What the exercise asks:
Your copy runs from the line containing "36th Birthday Journal" through the last line of the listing, both included. Restate those lines word for word and leave out pictures.

----

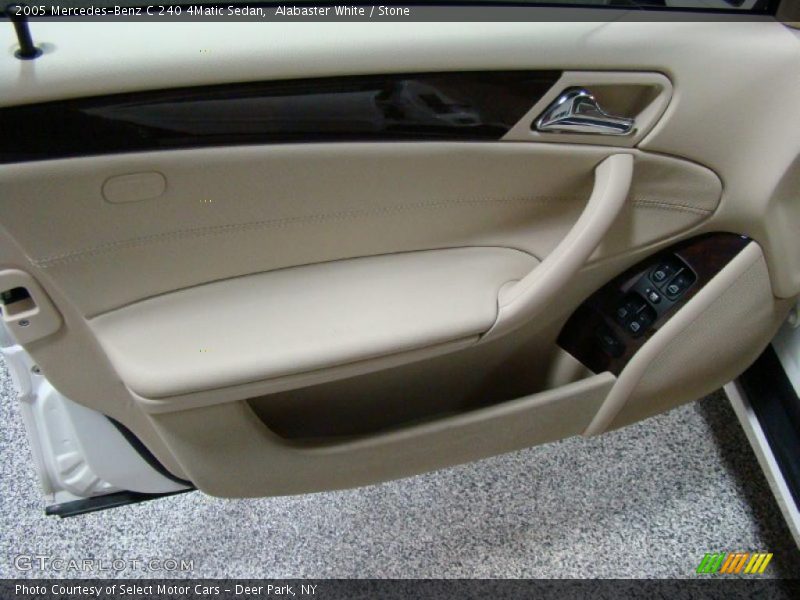 Alabaster White / Stone 2005 Mercedes-Benz C 240 4Matic Sedan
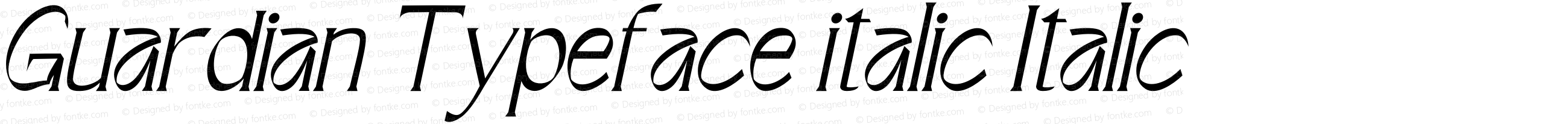 Guardian Typeface italic Italic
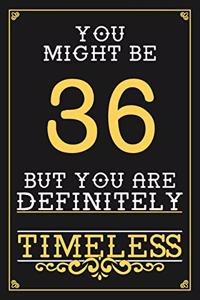 36th Birthday Journal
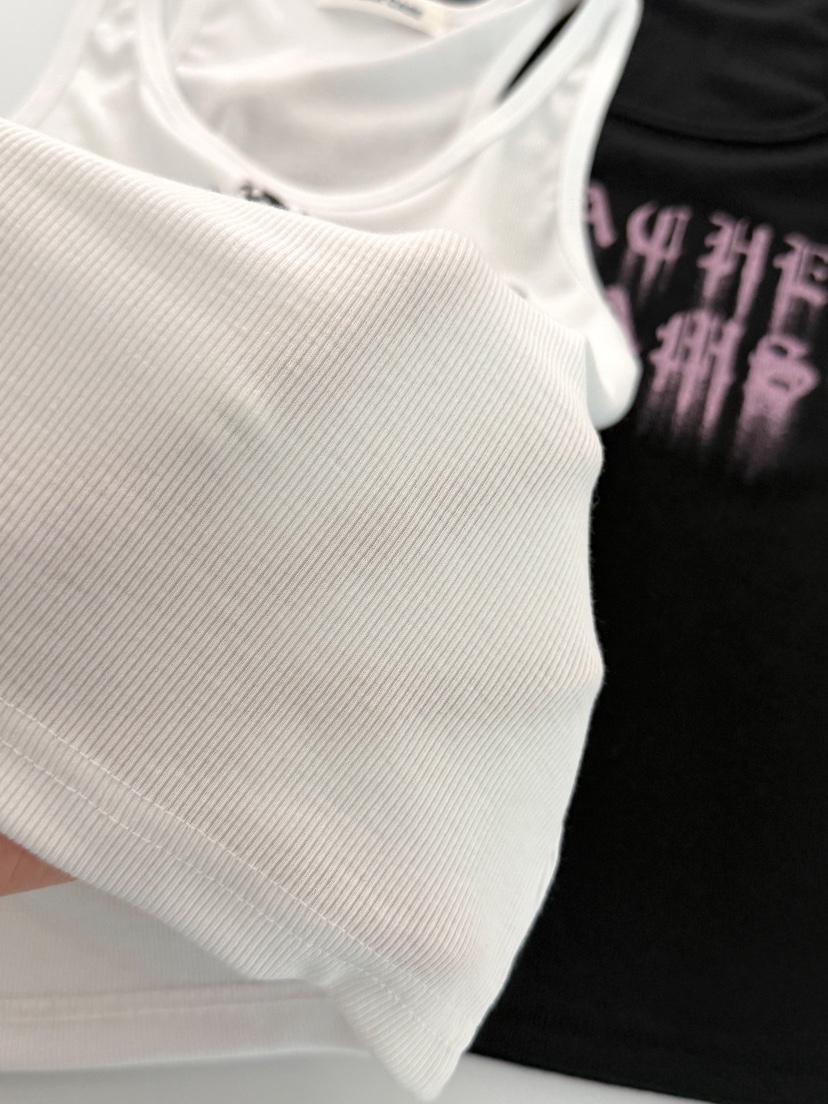 MORAN/MOSCO/SUGAR CASE韓國直郵實拍女裝新款推薦吊帶背心羅紋MORAN/MOSCO/SUGAR CASE吊帶/背心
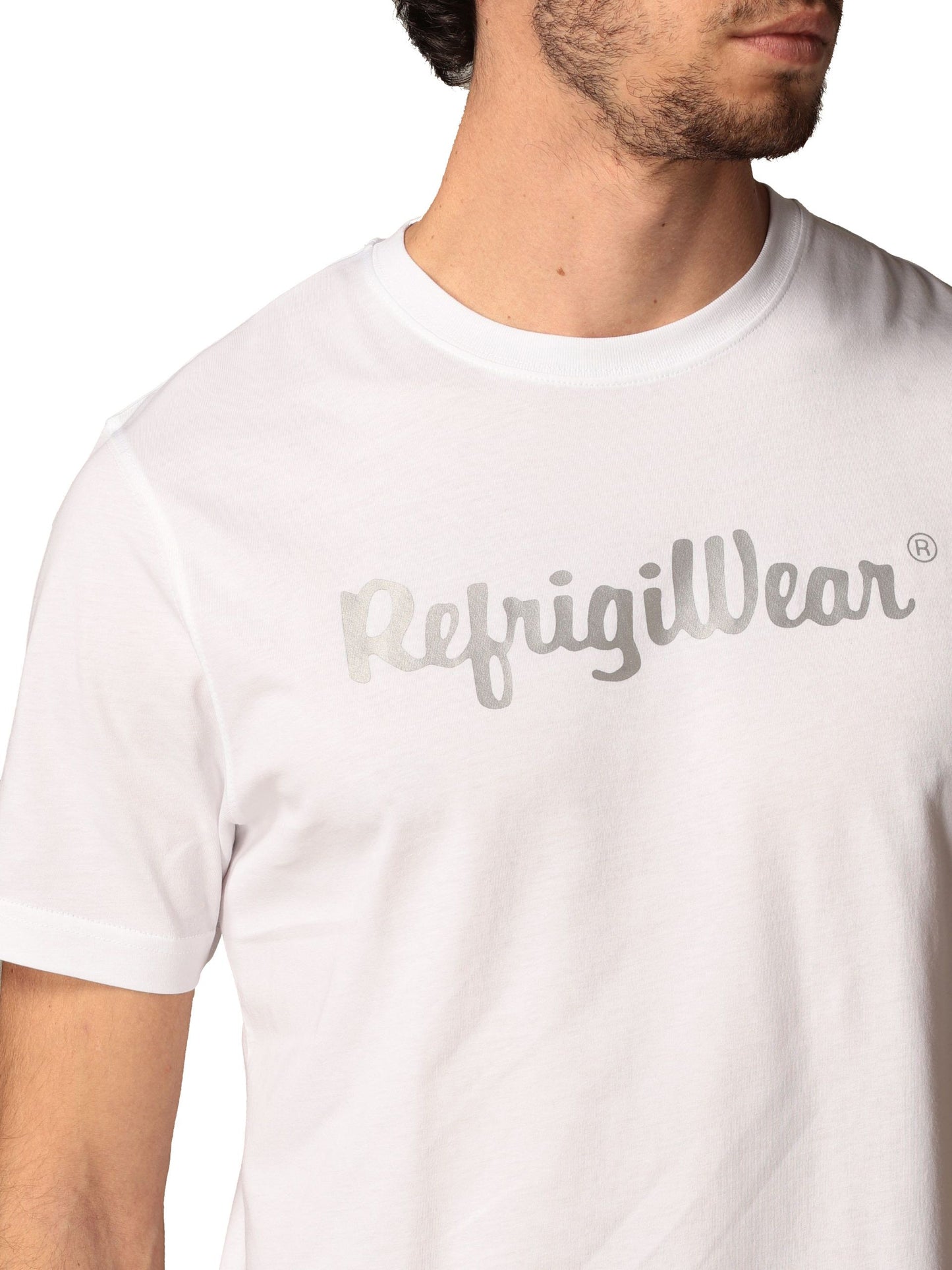 White Cotton Men T-Shirt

----

Exercise output:
 36th Birthday Journal
 MORAN/MOSCO/SUGAR CASE韓國直郵實拍女裝新款推薦吊帶背心羅紋MORAN/MOSCO/SUGAR CASE吊帶/背心
 White Cotton Men T-Shirt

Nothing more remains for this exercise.